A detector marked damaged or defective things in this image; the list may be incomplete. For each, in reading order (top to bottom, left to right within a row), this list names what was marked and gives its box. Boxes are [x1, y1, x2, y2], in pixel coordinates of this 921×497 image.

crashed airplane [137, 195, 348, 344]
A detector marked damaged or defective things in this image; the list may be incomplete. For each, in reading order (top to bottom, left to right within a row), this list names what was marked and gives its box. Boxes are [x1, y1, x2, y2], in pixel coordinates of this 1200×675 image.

---

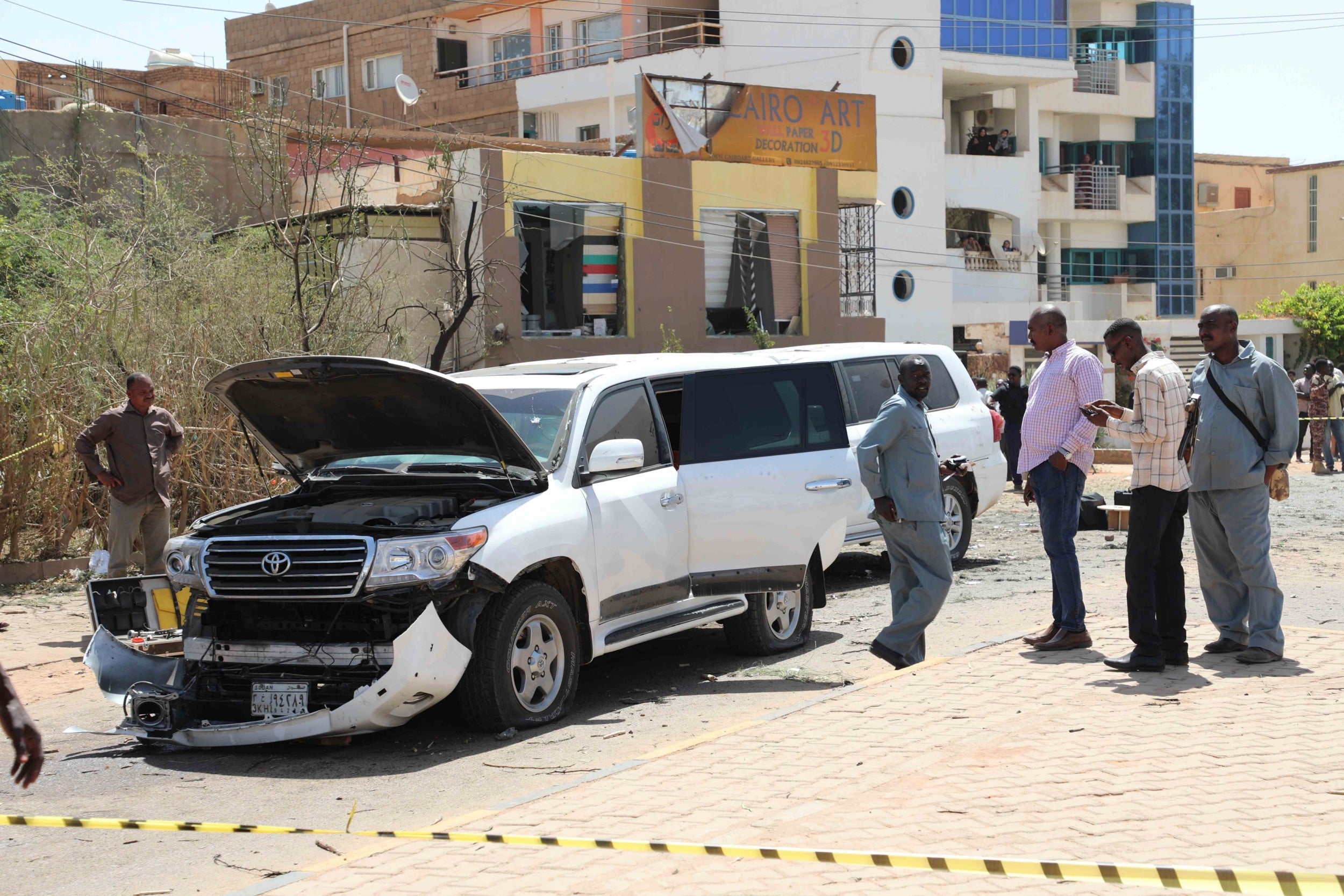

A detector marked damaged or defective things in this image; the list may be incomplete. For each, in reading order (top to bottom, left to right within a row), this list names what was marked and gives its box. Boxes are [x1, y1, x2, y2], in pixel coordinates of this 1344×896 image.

* * *

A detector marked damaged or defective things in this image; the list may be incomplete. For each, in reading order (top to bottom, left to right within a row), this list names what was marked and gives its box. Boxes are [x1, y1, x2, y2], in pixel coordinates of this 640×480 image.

TASK PROMPT. Give again exactly, and only, the lines above starting at the one with "this 921×497 image." and ending at the one with "this 1200×675 image.".

WRITTEN REPLY.
A detector marked damaged or defective things in this image; the list may be incomplete. For each, in reading order (top to bottom, left to right within a row), this list names what was marked and gives its box. Boxes are [x1, y1, x2, y2], in pixel coordinates of this 921×497 image.

crashed airplane [137, 195, 348, 344]
A detector marked damaged or defective things in this image; the list may be incomplete. For each, in reading order (top to bottom, left to right within a row), this list names what was marked and gives its box. Boxes are [x1, y1, x2, y2], in pixel coordinates of this 1200×675 image.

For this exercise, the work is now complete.